The number of unemployed residents decreased by 1,350 over the month, to 39,680. This was 950 fewer unemployed than in May 2012.

Records sought in fungal meningitis outbreak

NASHVILLE, Tenn. (AP) — Three Tennessee clinics have received subpoenas for documents related to drugs from a Massachusetts specialty pharmacy linked to a fungal meningitis outbreak last year.

The subpoenas were sent to St. Thomas Outpatient Neurological Center in Nashville, Specialty Surgery Center in Crossville and the PCA Pain Care Center in Oak Ridge. They were issued by attorneys representing patients in a consolidated federal lawsuit against New England Compounding Pharmacy Inc. in Framingham, Mass.

The attorneys are asking the clinics to produce records between the clinics and the pharmacy, including purchases, quantities, pricing and dates, involving methylprednisolone acetate, as well as other compounded medicines produced by the pharmacy.

The fungal meningitis outbreak killed 58 people and sickened more than 740 others.

NH woman sentenced to 5 to 10 years in son’s death

NASHUA, N.H. (AP) — A New Hampshire woman has been sentenced to five to 10 years in prison for negligent homicide in the drowning death of her 8-month-old son in a bathtub.

Prosecutors said 28-year-old Melissa Gutierrez of Merrimack left her two children in the tub with the water running in 2011. The other child was 2 years old.

They said she stepped away long enough for the tub to overflow and water to drip to the floor below. Her son, Christian, drowned.

Gutierrez testified Monday she was had unplugged the drain and gave the boys some toys. She then went to do some cleaning and look for some food for them. Her older son asked for a towel, and eventually she noticed the water dripping through the floor.

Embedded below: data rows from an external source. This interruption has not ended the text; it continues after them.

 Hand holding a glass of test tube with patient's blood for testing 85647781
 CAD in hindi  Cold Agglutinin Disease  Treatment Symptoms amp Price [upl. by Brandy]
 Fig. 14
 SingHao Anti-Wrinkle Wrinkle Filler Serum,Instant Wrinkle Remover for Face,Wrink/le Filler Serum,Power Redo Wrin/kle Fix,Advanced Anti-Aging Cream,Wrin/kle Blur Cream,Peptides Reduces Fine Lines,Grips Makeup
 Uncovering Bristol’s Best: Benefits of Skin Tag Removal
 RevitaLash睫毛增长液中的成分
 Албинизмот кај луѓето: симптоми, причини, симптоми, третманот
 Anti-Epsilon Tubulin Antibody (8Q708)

“JJ was in the back of the tub and Christian was floating in the water,” The Telegraph of Nashua reported Gutierrez said.

She said her life was filled with drugs, death and hardship and that she is angry with herself for what happened.

“If I hadn’t walked away, my son would still be alive and that’s something I have to face,” she said. “I personally can’t help feeling like God wanted him, maybe more than I did. Maybe God needed him. Maybe it was to save my life. Maybe Christian had to die to save my life.”

Gutierrez can petition the court to suspend the final year of the minimum five years if she completes parenting, life skills and mental health courses.

Amtrak: Subsidy cuts would jeopardize service

WASHINGTON (AP) — Amtrak’s president says long-distance trains and some short-haul routes would be jeopardized and service in the busy Northeast corridor might have to be slowed if federal subsidy cuts proposed by a House subcommittee are realized.

Iowa Republican Rep. Tom Latham is chairman of the House Appropriations Committee’s transportation subcommittee. He proposed a fiscal 2014 transportation budget Tuesday that includes $950 million in operating and capital subsidies for Amtrak, nearly a third less than the railroad received last year.

Amtrak’s Joseph Boardman says the House has decided the nation should be connected by train service but doesn’t want to pay for the money-losing routes to needed to achieve that.

He says Amtrak lost $558 million on long-distance service last year but profited from its high-speed Acela service in the Northeast.